:: Input data

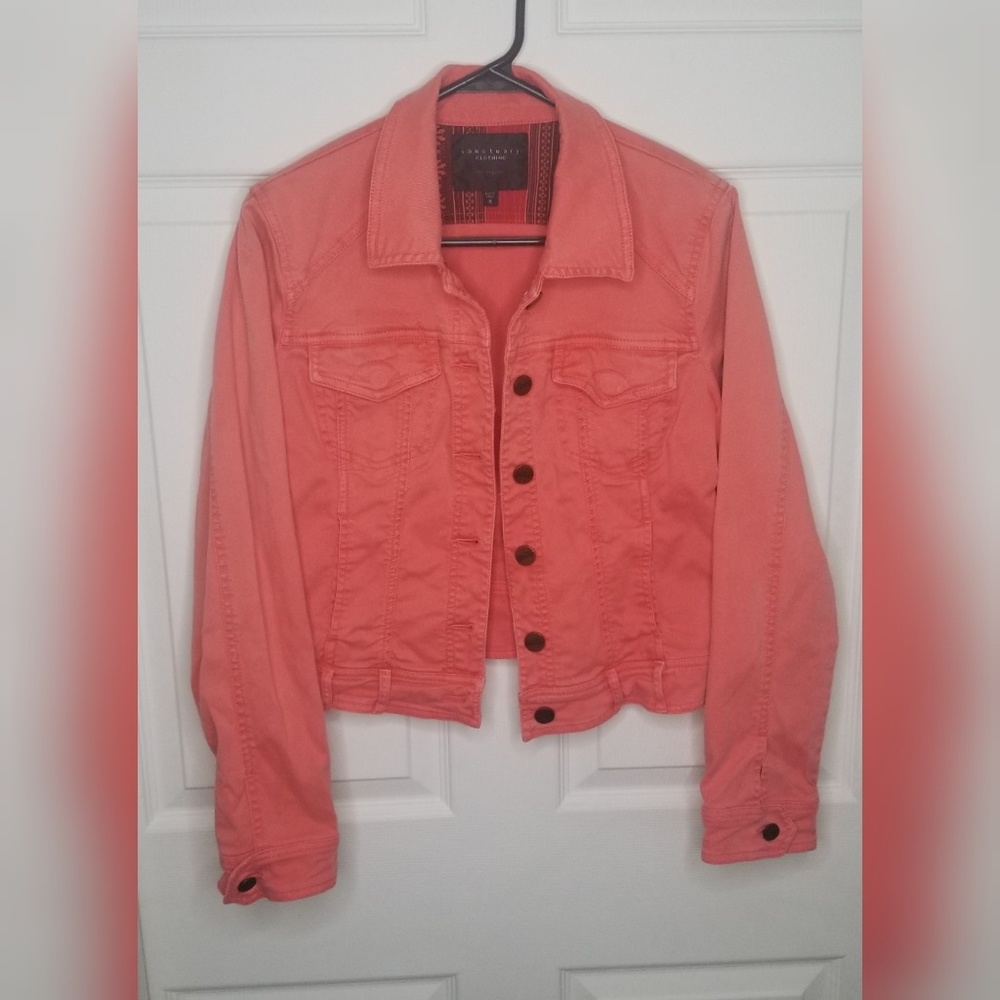 Sanctuary Coral Jean Jacket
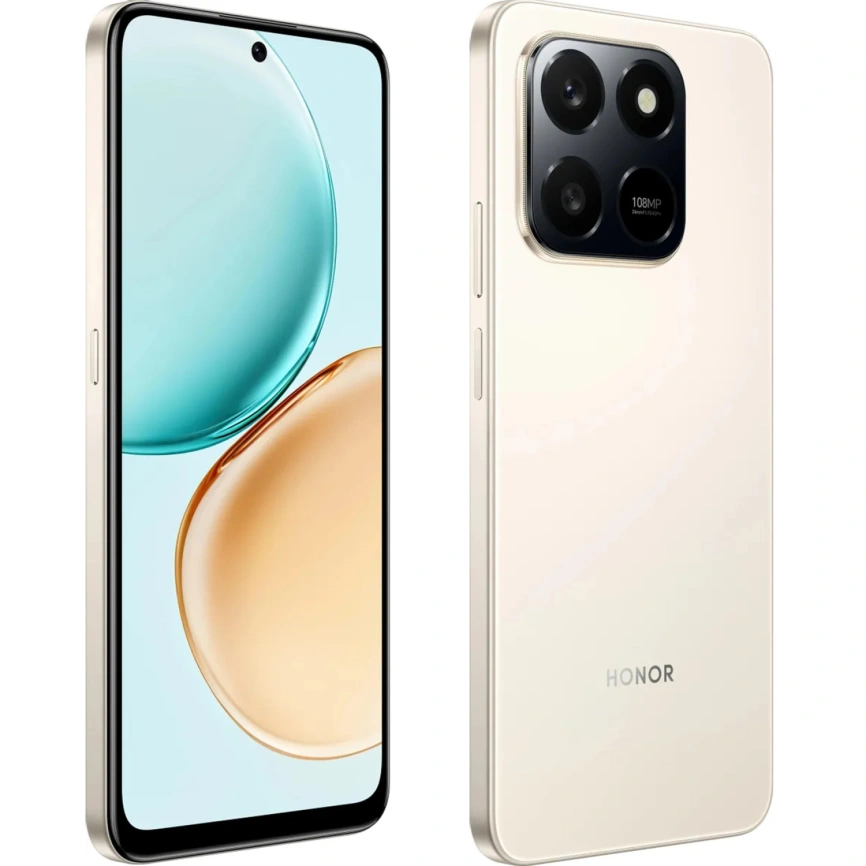 Смартфон Honor X7d 8/128Gb Desert Gold фото 4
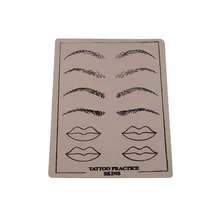 10 шт. резиновая профессиональная Перманентная макияж бровей губ Прочная кожа для обучения татуировкам для нового художника стартер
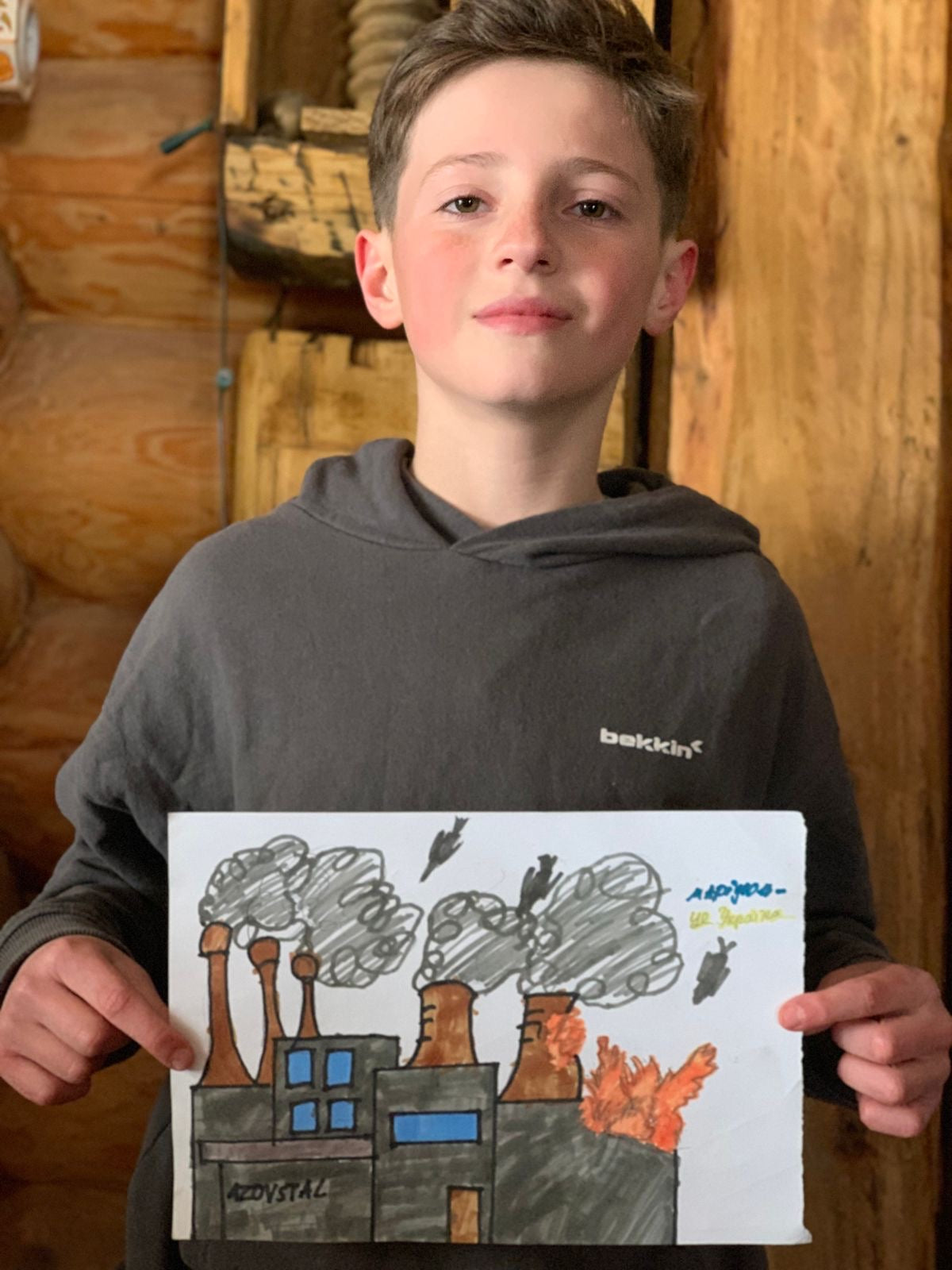 Azovstal Factory Ukrainian Drawing_2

::::

* [Brief]
Every line above should be copied exactly, apart from any pictures.

* [Written solution]
 Sanctuary Coral Jean Jacket
 Смартфон Honor X7d 8/128Gb Desert Gold фото 4
 10 шт. резиновая профессиональная Перманентная макияж бровей губ Прочная кожа для обучения татуировкам для нового художника стартер
 Azovstal Factory Ukrainian Drawing_2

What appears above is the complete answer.